Ergebnisse der qualitativen Interviews

Deutlicher Rückstand und Lücken

Die Mehrheit der 14 befragten Experten und Touristiker räumt ein, dass die Schweiz bei der Entwicklung des barrierefreien Tourismus einen deutlichen Rückstand aufweist. Die Schweizer Tourismusakteure haben im Allgemeinen noch nicht die wirtschaftliche Bedeutung dieses Segments erkannt, die Touristen mit besonderen Bedürfnissen darstellen.

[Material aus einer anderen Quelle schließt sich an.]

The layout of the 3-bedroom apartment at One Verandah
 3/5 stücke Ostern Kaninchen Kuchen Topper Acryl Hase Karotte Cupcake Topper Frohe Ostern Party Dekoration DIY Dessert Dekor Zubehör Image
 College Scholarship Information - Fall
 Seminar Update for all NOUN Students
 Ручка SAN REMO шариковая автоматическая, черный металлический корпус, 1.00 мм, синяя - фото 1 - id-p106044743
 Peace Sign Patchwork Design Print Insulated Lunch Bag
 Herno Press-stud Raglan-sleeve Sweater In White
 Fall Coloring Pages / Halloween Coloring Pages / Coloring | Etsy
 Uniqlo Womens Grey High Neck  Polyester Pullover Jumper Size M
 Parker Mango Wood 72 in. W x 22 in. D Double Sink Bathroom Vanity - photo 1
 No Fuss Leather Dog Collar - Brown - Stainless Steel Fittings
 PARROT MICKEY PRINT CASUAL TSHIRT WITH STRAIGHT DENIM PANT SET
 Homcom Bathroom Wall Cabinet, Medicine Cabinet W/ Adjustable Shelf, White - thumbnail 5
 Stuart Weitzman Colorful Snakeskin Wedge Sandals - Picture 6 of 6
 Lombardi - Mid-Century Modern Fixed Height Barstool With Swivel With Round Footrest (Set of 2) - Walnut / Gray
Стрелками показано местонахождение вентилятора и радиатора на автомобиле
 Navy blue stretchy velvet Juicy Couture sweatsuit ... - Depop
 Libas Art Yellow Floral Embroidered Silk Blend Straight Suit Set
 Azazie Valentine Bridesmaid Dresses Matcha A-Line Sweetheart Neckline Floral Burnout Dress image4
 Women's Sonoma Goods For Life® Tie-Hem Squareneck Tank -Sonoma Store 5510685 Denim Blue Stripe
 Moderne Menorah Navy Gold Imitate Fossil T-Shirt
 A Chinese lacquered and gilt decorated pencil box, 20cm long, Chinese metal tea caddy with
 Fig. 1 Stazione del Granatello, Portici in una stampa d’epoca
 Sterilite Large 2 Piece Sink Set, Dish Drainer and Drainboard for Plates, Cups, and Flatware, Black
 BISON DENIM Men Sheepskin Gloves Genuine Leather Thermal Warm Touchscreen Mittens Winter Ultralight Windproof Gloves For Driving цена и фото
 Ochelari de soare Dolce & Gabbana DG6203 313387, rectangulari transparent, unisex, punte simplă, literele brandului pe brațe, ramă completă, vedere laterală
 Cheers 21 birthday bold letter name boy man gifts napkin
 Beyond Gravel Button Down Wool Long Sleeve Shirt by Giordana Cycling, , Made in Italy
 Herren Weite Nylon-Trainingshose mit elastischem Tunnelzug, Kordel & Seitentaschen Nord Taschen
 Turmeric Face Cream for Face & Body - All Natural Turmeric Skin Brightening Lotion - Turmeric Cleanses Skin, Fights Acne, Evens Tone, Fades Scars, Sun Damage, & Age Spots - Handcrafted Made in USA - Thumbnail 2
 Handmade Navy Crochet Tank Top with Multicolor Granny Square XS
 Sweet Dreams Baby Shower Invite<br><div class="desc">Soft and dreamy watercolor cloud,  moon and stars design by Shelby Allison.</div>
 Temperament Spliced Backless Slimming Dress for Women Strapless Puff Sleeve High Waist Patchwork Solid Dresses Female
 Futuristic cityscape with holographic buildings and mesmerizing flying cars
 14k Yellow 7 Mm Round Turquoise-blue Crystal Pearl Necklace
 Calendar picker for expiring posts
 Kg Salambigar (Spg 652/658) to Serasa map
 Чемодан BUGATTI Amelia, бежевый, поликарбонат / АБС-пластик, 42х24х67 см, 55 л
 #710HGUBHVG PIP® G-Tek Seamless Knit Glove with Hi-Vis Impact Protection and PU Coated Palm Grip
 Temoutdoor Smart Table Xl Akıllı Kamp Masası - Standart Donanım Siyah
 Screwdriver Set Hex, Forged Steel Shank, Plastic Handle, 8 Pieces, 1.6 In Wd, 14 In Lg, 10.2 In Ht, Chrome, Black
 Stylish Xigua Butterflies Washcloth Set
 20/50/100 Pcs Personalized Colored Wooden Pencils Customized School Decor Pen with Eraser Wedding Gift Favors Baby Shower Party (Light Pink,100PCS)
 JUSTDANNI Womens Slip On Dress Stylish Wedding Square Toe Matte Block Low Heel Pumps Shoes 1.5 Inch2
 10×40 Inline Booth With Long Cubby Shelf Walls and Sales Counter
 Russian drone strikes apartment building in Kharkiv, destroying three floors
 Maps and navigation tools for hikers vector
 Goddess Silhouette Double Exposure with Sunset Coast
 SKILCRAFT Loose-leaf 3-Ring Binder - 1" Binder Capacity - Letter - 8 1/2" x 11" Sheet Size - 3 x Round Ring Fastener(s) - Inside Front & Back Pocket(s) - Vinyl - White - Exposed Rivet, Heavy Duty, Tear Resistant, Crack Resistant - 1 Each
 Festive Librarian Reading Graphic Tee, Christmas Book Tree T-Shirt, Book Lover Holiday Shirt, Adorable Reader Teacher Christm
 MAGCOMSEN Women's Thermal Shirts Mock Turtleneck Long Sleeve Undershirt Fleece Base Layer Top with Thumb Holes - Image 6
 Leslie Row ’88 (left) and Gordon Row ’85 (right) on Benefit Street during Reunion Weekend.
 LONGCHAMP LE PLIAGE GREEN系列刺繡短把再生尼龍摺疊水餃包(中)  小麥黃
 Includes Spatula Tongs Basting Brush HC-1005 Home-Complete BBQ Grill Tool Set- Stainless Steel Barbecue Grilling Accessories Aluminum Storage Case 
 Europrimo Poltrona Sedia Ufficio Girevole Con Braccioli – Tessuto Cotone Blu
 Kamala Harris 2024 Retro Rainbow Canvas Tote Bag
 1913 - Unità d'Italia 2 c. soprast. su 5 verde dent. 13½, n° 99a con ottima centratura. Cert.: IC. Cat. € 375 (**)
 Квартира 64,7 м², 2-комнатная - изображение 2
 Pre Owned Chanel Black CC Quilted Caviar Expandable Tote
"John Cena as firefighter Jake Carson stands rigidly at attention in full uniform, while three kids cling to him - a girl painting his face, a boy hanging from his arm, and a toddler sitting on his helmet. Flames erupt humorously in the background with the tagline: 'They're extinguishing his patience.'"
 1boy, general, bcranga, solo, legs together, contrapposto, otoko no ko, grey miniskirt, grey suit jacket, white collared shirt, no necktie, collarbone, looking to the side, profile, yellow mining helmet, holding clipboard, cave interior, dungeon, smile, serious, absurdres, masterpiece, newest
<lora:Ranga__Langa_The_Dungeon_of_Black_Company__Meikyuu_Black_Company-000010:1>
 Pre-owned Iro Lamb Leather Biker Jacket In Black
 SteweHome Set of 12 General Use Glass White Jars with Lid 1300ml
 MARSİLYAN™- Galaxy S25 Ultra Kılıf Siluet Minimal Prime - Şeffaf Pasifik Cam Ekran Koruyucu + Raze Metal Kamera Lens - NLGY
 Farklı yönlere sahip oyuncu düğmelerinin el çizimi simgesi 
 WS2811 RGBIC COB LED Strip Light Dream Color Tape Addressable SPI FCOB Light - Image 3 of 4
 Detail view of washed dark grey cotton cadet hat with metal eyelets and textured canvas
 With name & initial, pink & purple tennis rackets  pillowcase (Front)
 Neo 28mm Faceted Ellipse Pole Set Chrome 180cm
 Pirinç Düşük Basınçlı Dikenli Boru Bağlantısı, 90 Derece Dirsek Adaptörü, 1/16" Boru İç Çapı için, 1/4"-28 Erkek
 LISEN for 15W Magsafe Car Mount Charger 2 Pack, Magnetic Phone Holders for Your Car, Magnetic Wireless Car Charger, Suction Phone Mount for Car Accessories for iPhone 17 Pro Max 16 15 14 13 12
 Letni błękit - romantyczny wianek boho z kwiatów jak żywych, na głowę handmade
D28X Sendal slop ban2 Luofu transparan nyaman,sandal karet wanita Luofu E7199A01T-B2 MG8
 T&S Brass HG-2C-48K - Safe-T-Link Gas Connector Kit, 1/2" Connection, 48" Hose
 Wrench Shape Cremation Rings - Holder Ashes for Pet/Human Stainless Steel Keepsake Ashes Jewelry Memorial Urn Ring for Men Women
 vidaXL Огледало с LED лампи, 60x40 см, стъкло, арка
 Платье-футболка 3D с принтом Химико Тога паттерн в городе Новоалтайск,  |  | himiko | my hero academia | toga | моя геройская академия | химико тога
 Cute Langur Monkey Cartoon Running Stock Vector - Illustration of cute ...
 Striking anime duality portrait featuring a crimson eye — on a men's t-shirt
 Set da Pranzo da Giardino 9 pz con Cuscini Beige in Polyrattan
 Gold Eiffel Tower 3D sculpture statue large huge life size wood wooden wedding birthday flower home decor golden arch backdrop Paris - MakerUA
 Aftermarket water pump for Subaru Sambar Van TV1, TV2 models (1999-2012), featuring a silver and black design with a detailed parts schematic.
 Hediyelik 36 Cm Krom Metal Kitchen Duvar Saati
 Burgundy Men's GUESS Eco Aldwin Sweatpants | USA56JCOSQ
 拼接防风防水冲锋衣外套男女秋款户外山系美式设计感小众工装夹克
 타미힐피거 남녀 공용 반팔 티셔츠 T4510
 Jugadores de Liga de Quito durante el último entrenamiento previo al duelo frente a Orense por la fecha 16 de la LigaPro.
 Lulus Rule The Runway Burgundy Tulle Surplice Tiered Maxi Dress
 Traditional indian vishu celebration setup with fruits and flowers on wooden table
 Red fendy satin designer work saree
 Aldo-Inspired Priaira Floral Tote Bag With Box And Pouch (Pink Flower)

Die Teilnehmer zählten die gleichen Lücken und Barrieren auf, die die Entwicklung des barrierefreien Angebots in der Schweiz einschränken: Erstens ein Mangel an finanziellen Mitteln und Unterstützung, zweitens Lücken bei der nationalen Koordination, der Zusammenarbeit und der Kommunikation zwischen den Interessenvertretern, die durch die Vielfalt und Komplexität der Tourismusbranche verstärkt werden. Darüber hinaus erschweren laut den Interviewpartnern das fehlende Wissen über den Behindertenbereich und die spezifischen Bedürfnisse der verschiedenen Beeinträchtigungen sowie die mangelnde Sensibilisierung die Entwicklung des barrierefreien Tourismus in der Schweiz und verstärken so existierende Vorurteile, was zu einem geringen Interesse an dem Thema führt.

 

Wesentliche Rolle der Kommunikation

Die Mehrheit der Befragten stimmte zu, dass die Kommunikation mit dem Kunden ein wesentliches und grundlegendes Element in der touristischen Dienstleistungskette ist. Mangelndes Wissen über die Arten von Behinderungen, die Zugänglichkeit und die durch die Infrastruktur verursachten Hindernisse verhindern jedoch die Erfüllung des touristischen Erlebnisses. Darüber hinaus gaben die verschiedenen befragten Personen, die im Empfangsbereich tätig sind, zu, dass sie nicht daran gewöhnt sind, Menschen mit Behinderungen Informationen zu geben, und beschrieben sich selbst als peinlich berührt von einer solchen Anfrage. Ein Gefühl, das zusätzlich durch die begrenzten Auswahlmöglichkeiten verstärkt wird, die angeboten werden können.

 

Zu entwickelnde Lösungen

Um die Zugänglichkeit des Schweizer Tourismus zu verbessern, sehen die Befragten folgende Lösungsansätze:

  • Sensibilisierung und Schulung des Personals, eine genauere und zentralisierte Bestandsaufnahme der Informationen über die Zugänglichkeit eines Ortes oder einer Aktivität, eine angepasste Kommunikation des Angebots sowie eine durchdachte Produktgestaltung, die das gesamte Kundenerlebnis berücksichtigt und das Thema Zugänglichkeit für alle einbezieht.
  • Geschultes Personal im Tourismusempfang, das in der Lage ist, einer Person mit Behinderung mit den richtigen Umgangsformen und Kommunikationsmethoden zu informieren und ihr zuverlässige und qualitativ hochwertige Informationen zu Die würde einen besseren Service und ein besseres touristisches Erlebnis garantieren.
  • Die Teilnehmer waren außerdem der Meinung, dass die Zahl der Anfragen steigen würde, wenn das Personal besser auf die besonderen Bedürfnisse im Zusammenhang mit der Barrierefreiheit eingehen könnte, was zu einem wirtschaftlichen Mehrwert für die Destination führen würde.

 

Schlussfolgerungen und Empfehlungen

 

Die Einführung von Schulungen im Bereich des barrierefreien Tourismus ist ein entscheidender Schritt bei der Entwicklung von Produkten und Dienstleistungen sowie bei der Integration von Menschen mit Behinderungen. Um die Entwicklung dieser Art von Tourismus in der Schweiz zu fördern, sollte ihr wirtschaftliches und soziales Potenzial besser anerkannt werden. Dies erfordert jedoch eine konsequente Vorbereitung, um die Tourismusakteure für diese Thematik zu sensibilisieren, ihr Interesse an dieser Art von Ausbildung zu wecken und die Kurse optimal umzusetzen.